そんな経緯で3月から読み始めた。まだまだ読み初めの段階(3月8日だったと思うが)で、偶然に遭遇する。半年前くらいにキャリア入社で部内に入社した人と二人で飲みに行った際、村上春樹の話になった。
というのも、彼の入社後のオリエンテーションの一部を私が担当していたのだが、そこで共通の共通の趣味の話になり、お互い村上春樹の作品が好きであることがわかった。ここまでは不思議な話でもない。
他にも彼とは共通点が多く、また飲みに行きましょう、と言ったものの、半年近くが経過してしまっていたが、何かの契機で2人で飲みにいくことになった。
その際、最近何を読んでいるかの話になったのだが、私はもちろん「海辺のカフカ」と答える。すると彼も「海辺のカフカ」を直近で読んだというのだ。それは私と飲みに行くことが決まった際に、村上春樹を読み直そうと思い手に取った本が偶然この作品だったということだ。

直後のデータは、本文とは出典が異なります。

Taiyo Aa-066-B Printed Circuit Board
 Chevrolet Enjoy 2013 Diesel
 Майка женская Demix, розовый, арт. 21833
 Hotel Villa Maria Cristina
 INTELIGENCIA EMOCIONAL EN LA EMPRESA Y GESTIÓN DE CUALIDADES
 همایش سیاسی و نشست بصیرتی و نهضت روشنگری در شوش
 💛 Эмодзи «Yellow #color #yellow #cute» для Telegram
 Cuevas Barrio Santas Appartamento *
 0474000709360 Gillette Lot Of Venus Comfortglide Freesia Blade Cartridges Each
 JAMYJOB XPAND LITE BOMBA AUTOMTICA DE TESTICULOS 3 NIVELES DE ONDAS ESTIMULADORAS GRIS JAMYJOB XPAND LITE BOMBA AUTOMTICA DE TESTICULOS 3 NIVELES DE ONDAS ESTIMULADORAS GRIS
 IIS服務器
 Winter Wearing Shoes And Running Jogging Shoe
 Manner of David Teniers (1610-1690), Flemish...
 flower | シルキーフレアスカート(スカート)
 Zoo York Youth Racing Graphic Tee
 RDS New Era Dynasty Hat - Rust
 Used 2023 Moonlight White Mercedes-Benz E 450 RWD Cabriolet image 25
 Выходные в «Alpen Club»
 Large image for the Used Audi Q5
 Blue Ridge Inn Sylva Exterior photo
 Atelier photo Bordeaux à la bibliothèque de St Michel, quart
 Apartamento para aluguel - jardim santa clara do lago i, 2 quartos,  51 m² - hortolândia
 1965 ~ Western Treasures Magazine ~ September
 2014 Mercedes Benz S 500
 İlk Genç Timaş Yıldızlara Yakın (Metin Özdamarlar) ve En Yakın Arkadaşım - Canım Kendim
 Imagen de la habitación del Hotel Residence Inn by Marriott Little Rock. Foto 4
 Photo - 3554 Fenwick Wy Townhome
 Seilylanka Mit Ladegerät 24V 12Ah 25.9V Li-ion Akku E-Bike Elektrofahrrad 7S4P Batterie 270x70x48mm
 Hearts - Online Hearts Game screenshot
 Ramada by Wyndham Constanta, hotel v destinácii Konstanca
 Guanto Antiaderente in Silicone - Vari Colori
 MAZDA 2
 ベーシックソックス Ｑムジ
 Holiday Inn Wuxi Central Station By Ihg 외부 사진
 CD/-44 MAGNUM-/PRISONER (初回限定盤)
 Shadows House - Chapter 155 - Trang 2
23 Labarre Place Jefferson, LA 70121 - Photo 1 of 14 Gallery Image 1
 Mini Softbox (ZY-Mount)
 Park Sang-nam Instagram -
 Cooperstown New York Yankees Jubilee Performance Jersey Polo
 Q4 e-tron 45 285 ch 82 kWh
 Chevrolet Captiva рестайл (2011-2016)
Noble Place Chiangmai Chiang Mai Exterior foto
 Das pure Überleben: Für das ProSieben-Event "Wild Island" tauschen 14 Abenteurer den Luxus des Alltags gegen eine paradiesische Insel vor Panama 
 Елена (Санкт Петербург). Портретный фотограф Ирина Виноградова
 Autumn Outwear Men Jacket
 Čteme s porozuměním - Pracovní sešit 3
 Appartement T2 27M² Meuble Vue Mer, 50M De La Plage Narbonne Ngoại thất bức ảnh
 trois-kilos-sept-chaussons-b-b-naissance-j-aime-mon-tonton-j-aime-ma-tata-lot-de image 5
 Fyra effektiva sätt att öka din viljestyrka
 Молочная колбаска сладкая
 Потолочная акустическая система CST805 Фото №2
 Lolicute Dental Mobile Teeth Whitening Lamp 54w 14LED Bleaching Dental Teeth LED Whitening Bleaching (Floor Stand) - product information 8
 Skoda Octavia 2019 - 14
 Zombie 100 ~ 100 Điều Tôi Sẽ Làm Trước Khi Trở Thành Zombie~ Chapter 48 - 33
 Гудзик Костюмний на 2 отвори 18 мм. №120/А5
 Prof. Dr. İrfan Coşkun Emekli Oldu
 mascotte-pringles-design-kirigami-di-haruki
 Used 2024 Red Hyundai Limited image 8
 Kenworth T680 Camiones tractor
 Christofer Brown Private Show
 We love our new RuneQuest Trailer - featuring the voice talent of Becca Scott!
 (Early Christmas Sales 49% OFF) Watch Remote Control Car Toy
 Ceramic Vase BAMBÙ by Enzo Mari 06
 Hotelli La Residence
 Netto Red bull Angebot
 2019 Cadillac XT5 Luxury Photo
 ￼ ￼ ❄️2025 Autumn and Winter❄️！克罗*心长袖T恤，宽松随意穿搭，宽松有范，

これが一つ目の偶然。ちなみに彼とは、村上春樹をきっかけとした話で大いに盛り上がり、たいへん知的な飲み会となったのであった(つまりは、自分たちで知的だと言い合えるくらいの薄っぺらいものなのだけれど)。
○血
続いては、その週末の出来事。日曜日の夜中21時くらいにランニングをしていたところ、盛大に転倒し、流血した。
つまづいて転んだわけだが、その時、外した手袋を握りしめており、手の甲で着地をすることになった結果、主に右手の甲をアスファルトにダイレクトで擦り付ける形になってしまい、広範囲からそこそこの血が流れた。
もちろん、その他、肩や足も激しく打ち付けたわけだが、そこは服が破れ、打ち身をした程度で済み、血が出たのは両手の甲だけだったのは不幸中の幸いだった。
さて、この話と物語を結びつけたのは数日後なわけだが、この転倒した日の前日と当日、「海辺のカフカ」内で、ナカタさんの回想の血のシーンとカフカ少年が血だらけになって神社の深い茂みの中で意識を取り戻すシーンを読んでいたのだ。
前日が9章、当日が10章。当日血だらけの右手の甲を応急処置した後、湯船に浸かりながら読んでいたシーンがまさにここだった。
ちなみに私が今回のように血を流すのは記憶の限りは10年以上はない。つまり、生活をしていて、軽く包丁で指を切る程度はあるにせよ、ほぼ血を流すことはないのだ。そんな自分がちょうど「海辺のカフカ」を読んでいる時、しかもちょうど血の描写が色濃く描かれているシーンの途中で私も血を流した。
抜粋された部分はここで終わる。